■ **TASK TO CARRY OUT**
Among the entries below, one line contains "샤오미 스탠드 선풍기 2 Pro 와이파이 재연결" and another contains "Item preview, BWCA". Transcribe those two lines and every line between them, exactly.

■ **DATASET CONTENT**
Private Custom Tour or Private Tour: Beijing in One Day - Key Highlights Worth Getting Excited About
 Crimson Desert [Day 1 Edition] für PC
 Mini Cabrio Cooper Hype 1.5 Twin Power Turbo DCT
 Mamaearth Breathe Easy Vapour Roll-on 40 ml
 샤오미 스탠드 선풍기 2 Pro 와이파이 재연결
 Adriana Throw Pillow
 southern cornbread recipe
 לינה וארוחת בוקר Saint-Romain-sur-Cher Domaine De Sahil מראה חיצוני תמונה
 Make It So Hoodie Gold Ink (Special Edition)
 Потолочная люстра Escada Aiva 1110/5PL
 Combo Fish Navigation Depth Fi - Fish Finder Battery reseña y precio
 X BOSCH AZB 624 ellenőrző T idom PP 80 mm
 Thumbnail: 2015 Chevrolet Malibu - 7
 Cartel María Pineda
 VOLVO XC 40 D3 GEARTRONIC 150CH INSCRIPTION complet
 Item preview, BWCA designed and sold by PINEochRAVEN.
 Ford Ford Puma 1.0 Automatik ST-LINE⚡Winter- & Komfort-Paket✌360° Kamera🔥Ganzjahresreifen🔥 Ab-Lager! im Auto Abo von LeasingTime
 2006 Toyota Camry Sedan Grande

■ **REPLY**
 샤오미 스탠드 선풍기 2 Pro 와이파이 재연결
 Adriana Throw Pillow
 southern cornbread recipe
 לינה וארוחת בוקר Saint-Romain-sur-Cher Domaine De Sahil מראה חיצוני תמונה
 Make It So Hoodie Gold Ink (Special Edition)
 Потолочная люстра Escada Aiva 1110/5PL
 Combo Fish Navigation Depth Fi - Fish Finder Battery reseña y precio
 X BOSCH AZB 624 ellenőrző T idom PP 80 mm
 Thumbnail: 2015 Chevrolet Malibu - 7
 Cartel María Pineda
 VOLVO XC 40 D3 GEARTRONIC 150CH INSCRIPTION complet
 Item preview, BWCA designed and sold by PINEochRAVEN.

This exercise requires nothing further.